Ezekiel’s eagle emerges as an image of the masculine lover, tenderly spreading its wing over the foundling (16:8): “I spread my wing over you, and I covered your nakedness; I made a vow to you, and came into a covenant with you.” That image of tenderness assumes a maternal hue, as the description of the nurturing and rearing of the new nation described as a baby girl.
The deliciousness with which Ezekiel describes the dressing and adorning of the growing lass sheds a new and warm light on the rituals by which mothers bestow gentle affection on their children. There is no more intimate and tender act of giving than that of a woman when she cleanses her baby and dresses it in pretty clothes. To be able to adore a baby despite its filth, to coo and sweet-talk a child while wiping its bottom, to wash and anoint its skin, and then cover it with embroidered swaddling probably does more for building a child’s self-esteem than we can ever know. That God deigns, through the prophecy of Ezekiel, to ascribe to Himself such loving, albeit mundane acts, speaks more to the value of “women’s work” than all the exhortations of feminist literature.
What sanctity is attributed to mothering by the metaphors that describe the gifts of Torah and mitzvot as the rich, ornate garments sewn for and bestowed upon an adored child!

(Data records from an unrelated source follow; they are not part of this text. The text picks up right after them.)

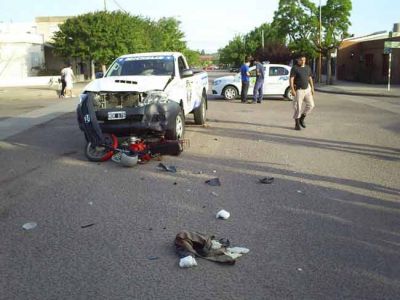 Debieron amputarle la pierna a una motociclista accidentada en calles 18 y 33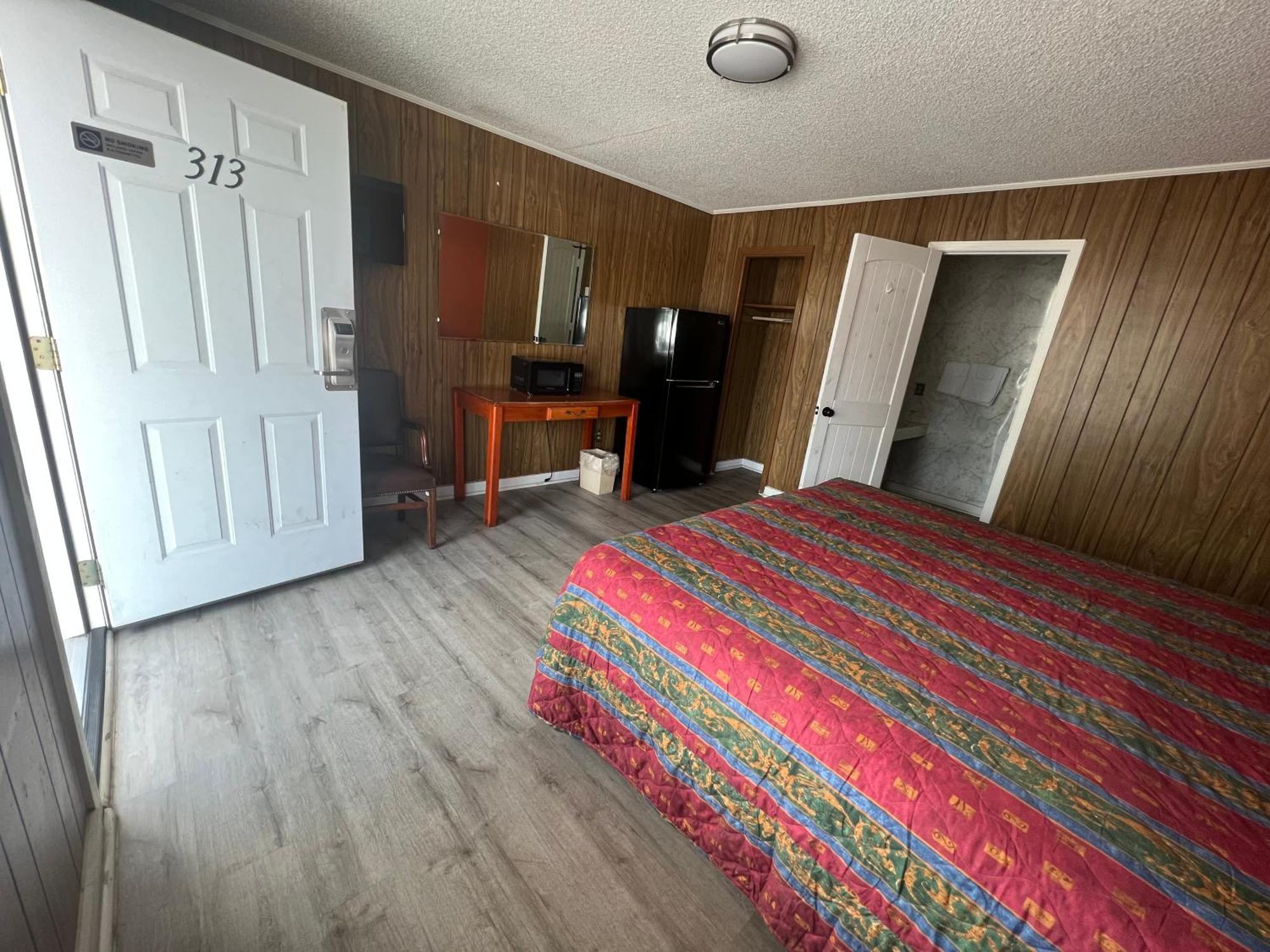 Pinelodge Motel Baxley Exterior photo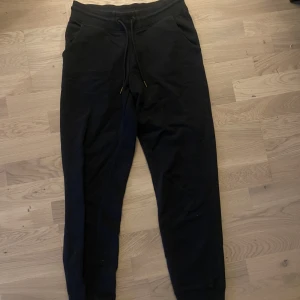 Mjukisbyxor  - Använda men i fint skick. Perfekt vardags mjukisbyxor. 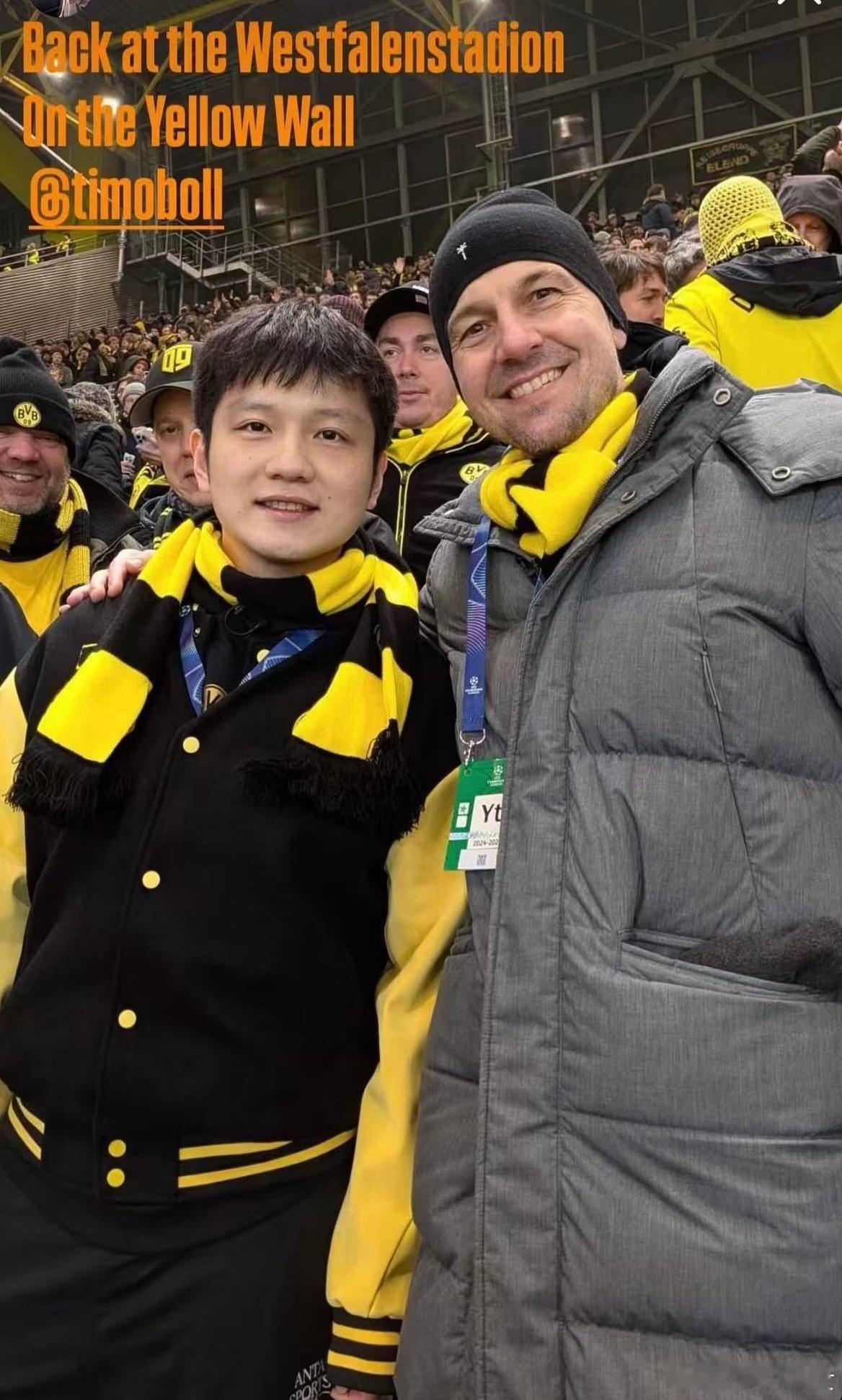 一人一张运动员反差神图 从乒乓台杀到多特蒙德南看台！樊振东把赛场王者气场换成球迷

I clothed you in embroidery,
and shod you in doeskin;
and wrapped you in fine linen,
and covered you with silk.    (Ezekiel 16: 10)
It is no accident that the materials for the wardrobe allude to the fabrics employed in the building of the Mishkan and the priestly garments. By implication, so much meaning and holiness is invested in the “things” which women do and make.
Ezekiel’s imagery speaks directly to the hearts of women, whose forte it has always been to attach sentiment and memory to objects. The Hebraic word for ornament, adi, is reminiscent of the word ed, a witness, a testimonial. It alludes to the feminine proclivity to create and invest meaning and spirit in the material and mundane stuff of everyday life. Isn’t that a manifestation of the imperative to “bring out the sparks” of kedusha from the profane, the dull soil of our daily routines”? Don’t we—men and women alike—in this manner draw the adam out of the adama, the Divine out of the mortal flesh that we are?
The awareness of the woman’s milieu, so apparent in the words of Ezekiel, is equally obvious in the imagery employed by Jeremiah when he ponders with disbelief how readily Bat Zion forgets and abandons God and his gifts—the Mitzvot (2:32): “Can a maiden forget her ornaments, a bride her ribbons?” What is astounding here is that these words are uttered by Jeremiah, who never married and never had children, and who, as a lone male, would have had but the remotest experience with the bride’s ribbons, sashes and adornments. These words come from a source as empathetic to the experience and feelings of women as to those of men. The desire to foster as intense an empathy between the genders is implicit in the custom of men as the donning of tallit and tefillin each morning. Acting in what is an ostensibly feminine role, the male allows himself to be wrapped as it were — in the wing and embrace of God. In a mystical psychodrama in which the male assumes the place of the Beloved—the Bride—he winds the tefillin down the arm, and as he binds the straps around his fingers—allowing the wedding ring to be placed there on—he utters the words that emanate from God — the Groom:
And I will betroth you to me forever,
And I will betroth you to me in righteousness and in justice,
And in loving kindness and in compassion;
And I will betroth you to me in faithfulness,
And you will know Hashem.   (Hosea 2:21-22)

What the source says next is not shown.